Et par ailleurs nous ne prétendons pas que "les pratiquants" sont des modèles de vertu et des héros de la foi, que les cérémonies sont poignantes, et la prédication toujours intéressante.

Mais nous voulons faire ce que les chrétiens faisaient à Jérusalem avec Pierre et à Corinthe avec Paul : obéir au Seigneur Jésus qui a promis sa présence et qui a affirmé :

"Je suis le Pain de la Vie....

Le Pain que je donnerai, c'est ma chair donnée pour que le monde vive.

Si vous ne mangez pas la chair du Fils de l'Homme et si vous ne buvez pas son sang, vous n'aurez pas la Vie en vous.

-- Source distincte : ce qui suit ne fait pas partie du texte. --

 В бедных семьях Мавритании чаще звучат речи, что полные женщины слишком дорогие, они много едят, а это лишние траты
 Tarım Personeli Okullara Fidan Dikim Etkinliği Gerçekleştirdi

Car ma chair est vraie nourriture et mon sang vraie boisson. Celui qui mange ma chair et boit mon sang demeure en moi et moi en lui..."

.( Jean 6 )

Saint Jean note que tout de suite après ces déclarations choquantes, la plupart des disciples cessèrent de suivre Jésus. L'eucharistie a toujours été et sera toujours la pierre d'achoppement. La tentation revient sans cesse de rabattre la foi sur le plan moral de la bonne volonté et du dévouement individuel ...ou de l'évacuer dans le ciel des belles idées, de la piété inefficace, de la superstition.....

Un vieux chrétien aveugle me confiait un jour : " Pour moi la messe n'est pas obligatoire : elle est indispensable ".

Oui, nous ne nous rassemblons pas le dimanche "parce que c'est obligatoire" ou pour éviter un gros péché mais parce que nous imitons nos ancêtres dans la foi. Lorsque saint Luc trace le portrait sommaire de la première Eglise née à Jérusalem autour des Apôtres, il énumère les quatre activités fondamentales qui la constituent :

"Ils étaient assidus à l'enseignement des apôtres et à la communion fraternelle,

à la FRACTION DU PAIN et aux prières"

( Actes des apôtres 2, 42)

Ils ne se lamentaient pas sur la croix ni ne pleuraient la disparition de Jésus : ils étaient convaincus qu'en se réunissant le premier jour de la semaine et en partageant le Corps eucharistique du Christ, ils devenaient sa Présence ecclésiale.

La Joie qu'ils expérimentaient en communiant était le signe que Jésus était vivant et elle était tellement communicative qu'en dépit des persécutions ils fondèrent partout de nouvelles communautés. Lesquelles, à leur tour, ne tenaient qu'au foyer de l'Eucharistie partagée. Il en va de même aujourd'hui.